Lent begins on Ash Wednesday, this Wednesday February 14th.
This replaces the memorial of Saints Cyril and Methodius which annually falls of February 14th, or for those stuck in the middle ages, the memorial of the third century martyr, Saint Valentine.
There are only two days that Catholics are asked to fast – Ash Wednesday and Good Friday. This does not mean that there are not benefits from more regular fasting, particularly in these days of excess and indulgence. The guidance for a ‘Catholic fast’ is also pretty lenient: one simple, meatless meal, and two smaller meals that do not add up to the size of one regular meal. It’s not exactly Ramadan!
We commonly mistake ‘fasting’ for the self-imposed abstinence that many practice during the season of Lent. Abstinence (going without or ‘giving up’) is another discipline that we can benefit from, especially in these times of entitlement and lack of self-control. Whether it is chocolate or social media, we should choose to abstain from things that do not brings us life and that dominate our time and resources. This takes for granted that anything out-right sinful should be abstained from all year round! The Church asks that we all abstain from something (generally meat) on all Fridays as an act of penance as a memorial for the Lord’s sacrifice on Good Friday – we ‘suffer’ a little to remember His suffering – we don’t tear flesh to remember His flesh torn for us.
So for how long should we subjugate ourselves to this Lenten misery!
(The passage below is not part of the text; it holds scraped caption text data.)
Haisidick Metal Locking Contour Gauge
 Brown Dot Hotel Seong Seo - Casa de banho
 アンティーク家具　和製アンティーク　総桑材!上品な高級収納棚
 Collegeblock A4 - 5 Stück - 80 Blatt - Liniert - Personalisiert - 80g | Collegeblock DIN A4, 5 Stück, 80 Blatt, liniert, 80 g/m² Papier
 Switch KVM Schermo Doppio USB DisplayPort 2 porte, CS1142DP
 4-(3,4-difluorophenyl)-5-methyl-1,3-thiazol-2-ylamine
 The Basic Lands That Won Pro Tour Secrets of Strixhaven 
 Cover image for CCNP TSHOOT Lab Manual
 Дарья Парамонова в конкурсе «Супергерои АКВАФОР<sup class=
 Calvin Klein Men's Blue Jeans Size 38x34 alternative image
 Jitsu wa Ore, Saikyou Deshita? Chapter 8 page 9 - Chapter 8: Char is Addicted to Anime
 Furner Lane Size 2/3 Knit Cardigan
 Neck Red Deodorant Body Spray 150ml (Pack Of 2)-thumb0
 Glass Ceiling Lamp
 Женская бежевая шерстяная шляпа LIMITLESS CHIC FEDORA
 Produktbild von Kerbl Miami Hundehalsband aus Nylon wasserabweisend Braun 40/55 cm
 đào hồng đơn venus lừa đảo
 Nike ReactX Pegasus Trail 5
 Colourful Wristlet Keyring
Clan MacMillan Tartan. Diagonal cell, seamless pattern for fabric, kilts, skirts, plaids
Well as we know Lent is 40 days long… but if you count the days between Ash Wednesday and Easter Sunday you get 46! Some have taken this to mean that Sundays don’t count. This can have it’s benefits. If such an approach leads to a greater celebration of Sunday as a day of worship, then great. However, if it is simply an opportunity to indulge ourselves in a week’s supply of chocolate, caffeine or nicotine then perhaps this is not the approach.
The alternative is a little more ‘Eastern’. Other Catholic Churches (other than Roman – yes there are other Catholic churches, 23 in fact) push a lilt bit deeper. The first 40 days of Lent is a period of general fasting and abstinence – living more simply as preparation and penance. This lasts until Palm Sunday (or Passion Sunday) where we enter Holy Week (or Passion Week) in which fasting, abstinence and penance continue.
Well which one is right? To be honest the Church isn’t that prescriptive and therefore it is for the faithful to decide for themselves which would benefit their journey to holiness the most – an increased celebration of Sunday, or a deeper experience of penance through self-denial?
There are five ‘precepts’ of the Catholic Church – five things that make one a practicing Catholic. Observing the obliged fasts and abstinence is one, the other four are: 1) attending Mass on Sundays and Holy Days of Obligation, 2) receive Holy Communion at least once a year in the Easter Season, 3) Confess ones sins at least once a year, and 4) provide for the material needs of the Church.